なので、かるーく読みながら、ふーん、そうなのかと納得していただけるとうれしいですね。本当は、他の人はこういうときどんなことを考えるのかな~って知りたいときもありますけど、返ってくることは期待していません。同じくらいの土俵でコメントできないのでしないと思われていることはよくわかってます。まあ、近づきがたい空気さえなごめばいいんですが。

コメント

_ 「そ」 ― 2010/03/01 20:39

 ははぁ文学系の人だったのね、妙に理論武装してると思ったら。

病気の事はなんとなく聞いてましたが今でも完全には理解できていませんから。「言いたくない事は言いたくなるまで待つ」、「言った言葉には応える」がモットーなんで、ぶっちゃけもっと発言(アピール)が欲しいですね!
bYペリーヌの抱き枕が順番制でまったく届かないことに憤慨の「そ」でした。

_ きしもとまさき ― 2010/03/01 23:26

私が文学系といわれたのは初めてです。
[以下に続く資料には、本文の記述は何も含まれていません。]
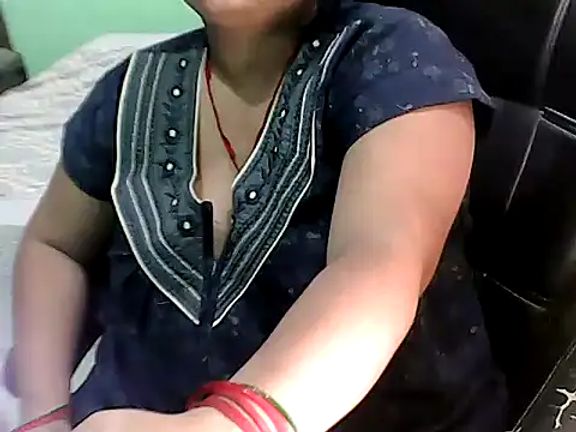 BABITA_KUMARII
文学部なんてかりそめの姿に過ぎないんで。自分でも文学部出身であることを全面に出すことはないのですよ。あそこの考え方は私にはまったく合いません。というか、文学部扱いされると屈辱って感じですか。昔から付き合いある人でないとわからないんですが、私がどうして文学部にいたのかまったく理解されていませんね。あまりにも方向性が違いすぎて。自分でも文学部のやり方についていけず、高校時代から進めていた人工知能の研究をし続けていたことが結果的に大学院で本来の姿に戻った感じですか。んま、学問縦断する人間に、文系とか理系とか、まったく関係ないんですけどね。そんな入試の枠組みにしばられているの日本人くらいだからなー。ちなみに大学入試の時には並行して薬学部も受かっている人間であります。

え、私の病については知ってもらって得もないので、まーず黙っているでしょう。それがどんなもので、どんな風になるのかは、実物を見るか知っているかしないと意味を成さんのですよ。だから黙ってます。そんだけ想像を絶するものなのかな~。

抱き枕は知りません。一度に買いすぎただけでしょう。